AT&T, Free Press Exchange Fire On "What Is the Internet?"
The standoff over how to define "the Internet" got a little snarkier Friday when Free Press and AT&T exchanged shots in the ongoing rhetorical battle over whether regulating broadband access providers constitutes "regulating the Internet." It started when Free Press research director Derek Turner called AT&T out for what he saw as the company's inaccurate claim that the said that the FCC is on the brink of doing just that.
"AT&T is wrong on the facts," he said. "Contrary to what AT&T says, the FCC is not proposing to regulate the Internet and in fact has specifically disavowed the possibility. The 'Internet' is not the wires that deliver the content and applications, but the content itself. The FCC is not proposing to regulate CNN.com or hulu.com; it is merely placing light-touch rules of the road on the few powerful incumbents that control the duopoly broadband access market."

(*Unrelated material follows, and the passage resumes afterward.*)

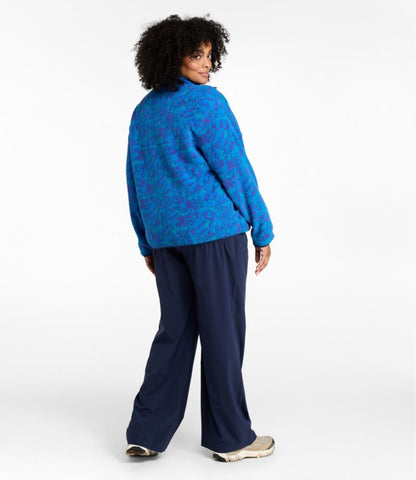 Women's Mountain Classic Fleece Pullover, Print - US 4069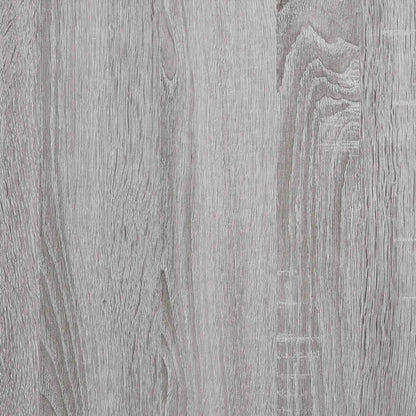 TV Cabinet Grey Sonoma 120x34x37 cm Engineered Wood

AT&T's Vice President of Federal Regulatory Affairs Hank Hultquist returned fire today on the company's blog, announcing "the Derek Turner contest for excellence in nonsensical abstractions." Hultquist holds that Turner's analogy is akin to saying "a swimming pool is not the floor and walls of the structure, but simply the water in it" or "a cannoli is not the pastry tube, but simply the cream inside." Hultquist promised the contest winner an iPad, "which may or may not include WiFi capability. After all, according to Mr. Turner, connectivity is just not part of the Internet."
Turner, for his part, doubted the draw of the prize. "Is it an iPad that operates on AT&T's network?" he asked. "If that's it, I don't want it."